**Data for review**

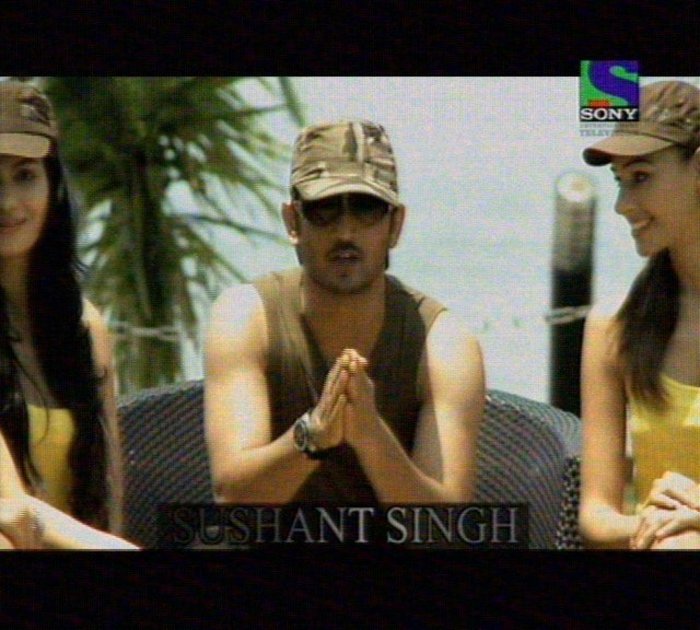 Sushant is looking hot! - O-Sushant is looking hot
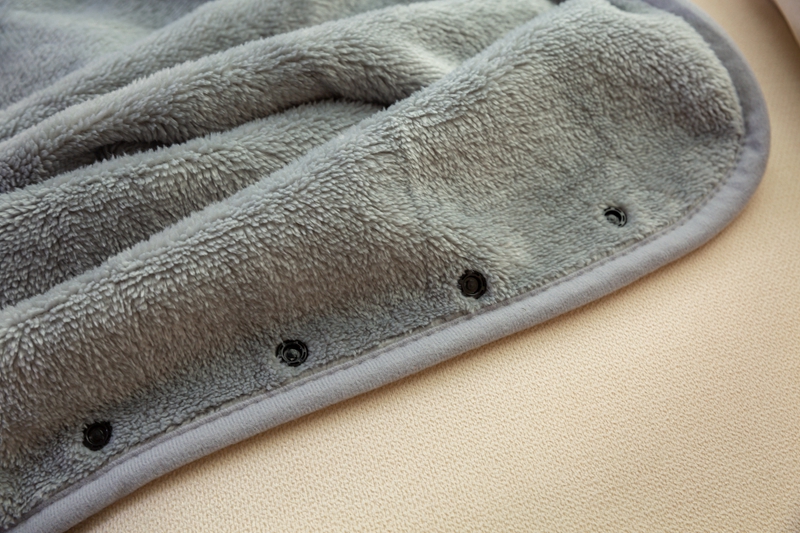 Soft Office Shawl Blanket Thickened Flannel Print Anti Dust Mite Modern Multi-functional Warm Nap Blanket Autumn Winter - Image 7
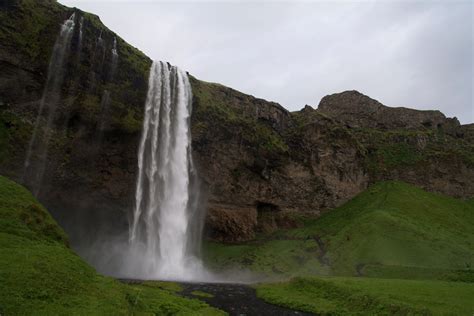 Seljalandsfoss De Waterval Waar Je Achter Langs Kunt Lopen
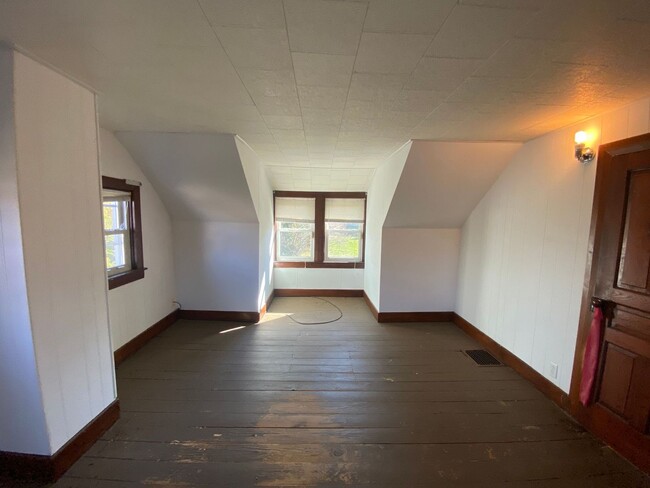 Building Photo - Your New Home in Dallastown!!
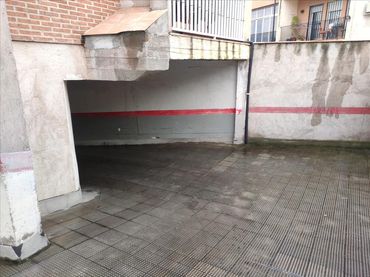 Parking with lift for sale in Alamillo
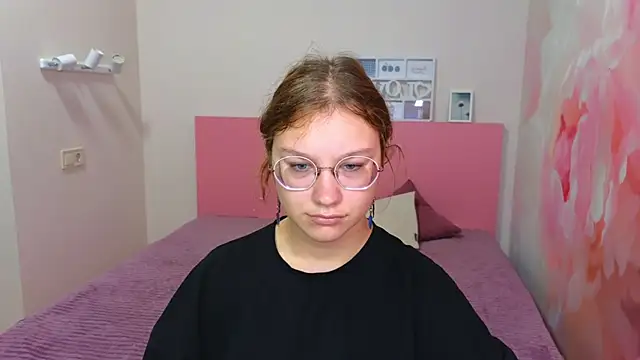 Snapshot of AngelinaLow chatting on 09-09-25, 11:30 AngelinaLow online show from 09-09-25, 11:30
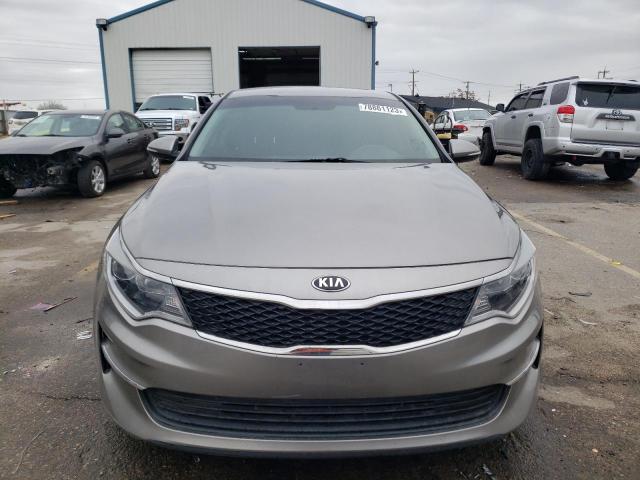 5XXGT4L39JG191050 - 2018 KIA OPTIMA LX GRAY photo 5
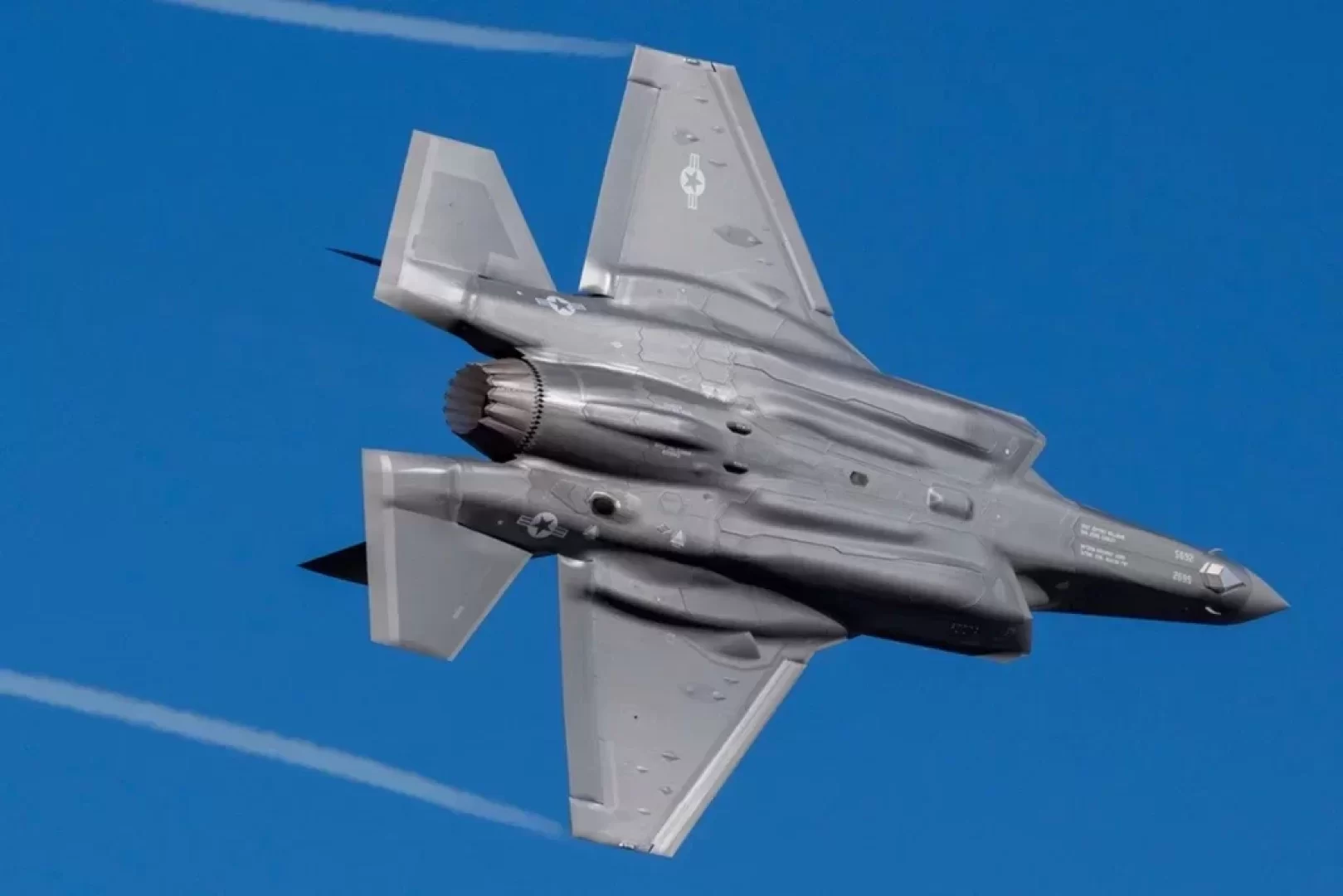 طائرات F-35 تصبح أكثر فتكا.. خزانات وقود خارجية لمدى أطول في المناطق الخطرة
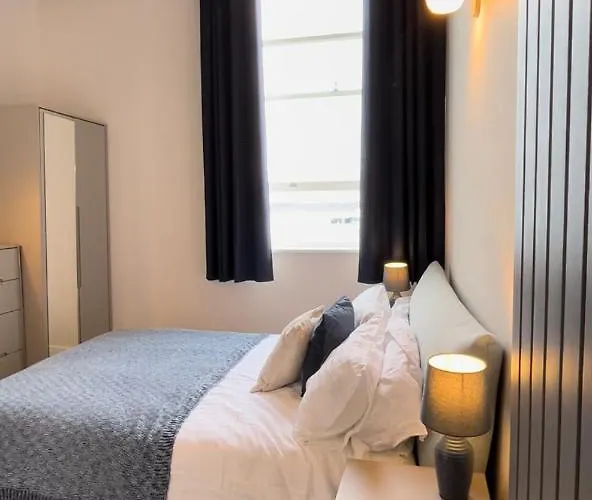 Hostels in Falmouth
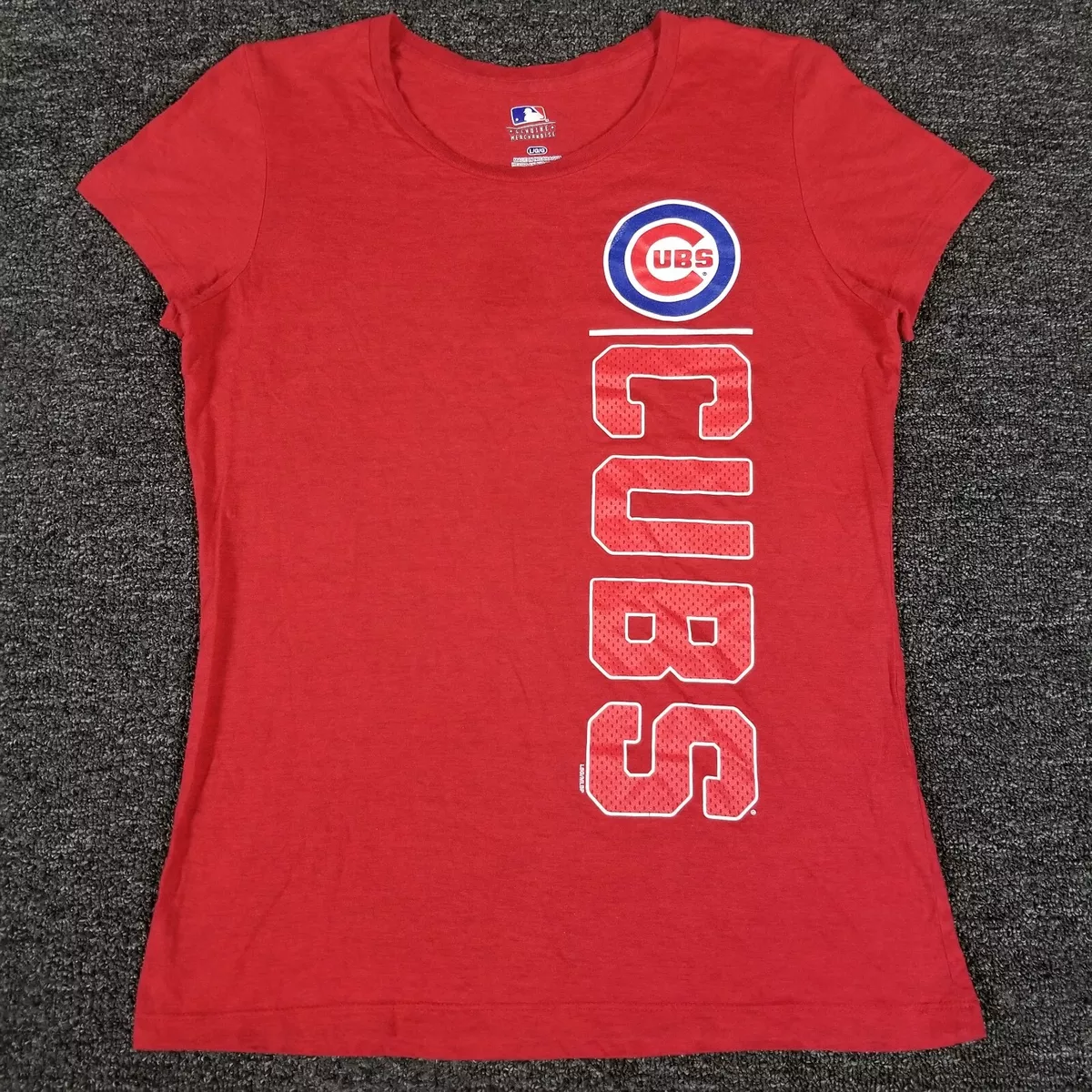 Cubs green shirt pink hat 2025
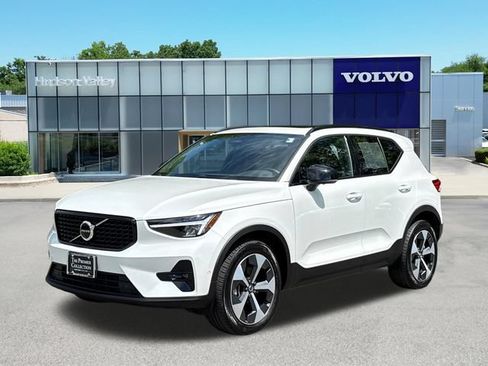 Certified 2025 Volvo XC40 B5 Plus AWD/4WD image 1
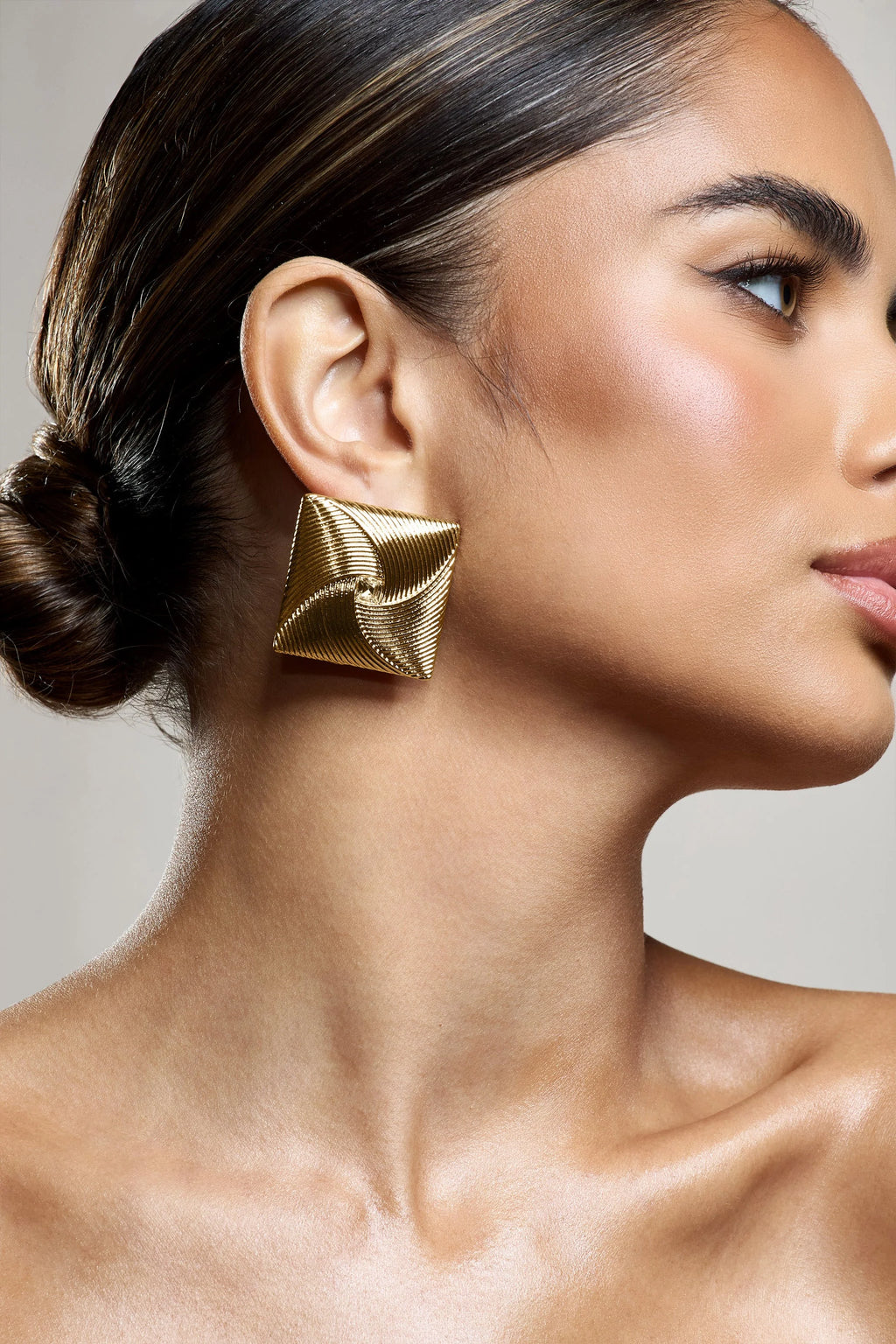 Coa | Gold Ribbed Diamante Square Earrings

**About this task**
Print nothing except the lines from the one with "طائرات F-35 تصبح" through the last line of the listing, exactly as written and with pictures removed.

**Problem solution**
 طائرات F-35 تصبح أكثر فتكا.. خزانات وقود خارجية لمدى أطول في المناطق الخطرة
 Hostels in Falmouth
 Cubs green shirt pink hat 2025
 Certified 2025 Volvo XC40 B5 Plus AWD/4WD image 1
 Coa | Gold Ribbed Diamante Square Earrings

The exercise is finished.